Todd McGowan
lacanian (cinema-and-capitalism)
McGowan uses Lacanian enjoyment—specifically the structural gap between desire and drive—to reread cinema, critique capitalism's libidinal logic, and reconstruct a universalist politics from Hegelian contradiction.
Profile
McGowan occupies a specific intersection in Lacanian studies: he takes the concept of enjoyment (jouissance) not as a supplement to ideology critique but as its central mechanism. Where Žižek deploys enjoyment to expose ideological fantasy, McGowan pushes further by arguing that capitalism's secret is not that it represses enjoyment but that it promises it perpetually while structurally deferring it—a distinction that reframes the political stakes of the Lacanian subject from alienation to drive. His most sustained theoretical claim, developed across Capitalism and Desire and Enjoying What We Don't Have, is that the subject is constituted not by what it possesses or lacks in a simple sense, but by its attachment to the gap itself—to what it doesn't and structurally cannot have. This is not standard lack-theory; McGowan insists that drive, unlike desire, finds satisfaction in the repetitive circuit around the missed object, and that any emancipatory politics must work through this logic rather than promise its resolution.
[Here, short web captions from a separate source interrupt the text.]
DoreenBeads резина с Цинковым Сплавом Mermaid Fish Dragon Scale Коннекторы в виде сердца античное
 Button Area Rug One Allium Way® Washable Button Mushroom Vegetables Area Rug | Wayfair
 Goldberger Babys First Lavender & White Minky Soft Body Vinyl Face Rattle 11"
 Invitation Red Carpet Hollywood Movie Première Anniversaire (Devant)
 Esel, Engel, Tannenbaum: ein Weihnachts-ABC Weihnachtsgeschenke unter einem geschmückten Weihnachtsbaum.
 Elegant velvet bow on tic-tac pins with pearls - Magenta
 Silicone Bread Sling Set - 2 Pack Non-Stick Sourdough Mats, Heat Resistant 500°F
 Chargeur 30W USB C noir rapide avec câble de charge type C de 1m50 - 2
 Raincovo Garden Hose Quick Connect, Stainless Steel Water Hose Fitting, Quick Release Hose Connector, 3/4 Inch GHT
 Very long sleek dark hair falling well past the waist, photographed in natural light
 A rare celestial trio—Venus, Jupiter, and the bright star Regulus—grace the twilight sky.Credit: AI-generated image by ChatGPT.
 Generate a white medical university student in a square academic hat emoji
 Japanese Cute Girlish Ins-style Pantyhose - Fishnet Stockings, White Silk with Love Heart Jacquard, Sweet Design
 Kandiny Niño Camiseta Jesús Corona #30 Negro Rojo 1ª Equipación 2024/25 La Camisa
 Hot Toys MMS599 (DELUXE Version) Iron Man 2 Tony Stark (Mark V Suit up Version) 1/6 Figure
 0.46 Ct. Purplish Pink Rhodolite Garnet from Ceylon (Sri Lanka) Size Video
In the domain of film theory, McGowan is one of the most disciplined Lacanian film critics working today. Against the Screen Studies tradition (Mulvey, Metz, apparatus theory) that locates cinematic pleasure in imaginary identification or voyeuristic mastery, McGowan argues in The Real Gaze that cinema's power derives from its encounter with the Lacanian Real—the gaze as object a, not as the spectator's look but as the screen's resistant, unsymbolizable remainder. This places him in productive tension with psychoanalytic film theory broadly, but also with more culturalist or cognitivist approaches. His auteur-focused work, particularly The Impossible David Lynch, demonstrates this method concretely: Lynch's films are readable not as surrealist mystery but as systematic stagings of the subject's encounter with drive and its constitutive impossibility. On the political-theoretical front, Universality and Identity Politics and Emancipation After Hegel mark McGowan's explicit turn toward a Lacanian-Hegelian universalism, arguing that true universality is not an empty container for particulars but is constituted by contradiction—a move that positions him against both liberal pluralism and identity-based politics as they are usually practiced.
Intellectual lineage
McGowan reads Lacan primarily through the lens of the later Seminars—especially Seminar XI's account of the gaze and drive, and Seminar XVII's theory of discourse—rather than the structuralist-linguistic Lacan of the 1950s. He reads Hegel not through Alexandre Kojève's desire-and-recognition framework (as many Anglo-American theorists do) but through the Hegel of contradiction and negation, a reading he shares with Žižek but inflects differently, giving contradiction a more explicitly emancipatory political valence. His film-theoretical interlocutors include Laura Mulvey and Christian Metz (as targets of critique) and Žižek (as closest ally and occasional foil). Within the corpus, he is in sustained dialogue with Žižek—they share the basic Lacanian-Hegelian framework—but McGowan's insistence on drive over desire and on satisfaction-in-loss rather than ideological fantasy marks a genuine theoretical divergence. He engages Joan Copjec's work on the gaze and sexuation respectfully but diverges in his application to film form. His political writings place him in implicit tension with identity-theoretical thinkers in the broader left academy.
Distinctive contribution
McGowan's distinctive contribution is the argument that the subject's fundamental attachment is not to desire's object but to the loss of the object as such—that enjoyment (jouissance) is enjoyed precisely in its own impossibility—and the consequent reframing of both film spectatorship and capitalist ideology in terms of drive rather than desire. Where Žižek tends to analyze ideology as the management of fantasy (a subject who believes through its practices), McGowan shifts the register to drive: capitalism does not mystify the subject about what it wants; it correctly identifies the subject's attachment to wanting-without-getting and systematizes this as a perpetual consumption machine. In film theory, this produces a specific counter-thesis to apparatus theory: the cinema's affective grip is not voyeuristic mastery but the staging of the gaze as an irrecuperable excess—the point where the image looks back. And in political theory, it grounds his case for a universalism constituted by contradiction rather than inclusion, a move that distinguishes him from both Žižek's more apocalyptic political conclusions and from liberal theorists of recognition.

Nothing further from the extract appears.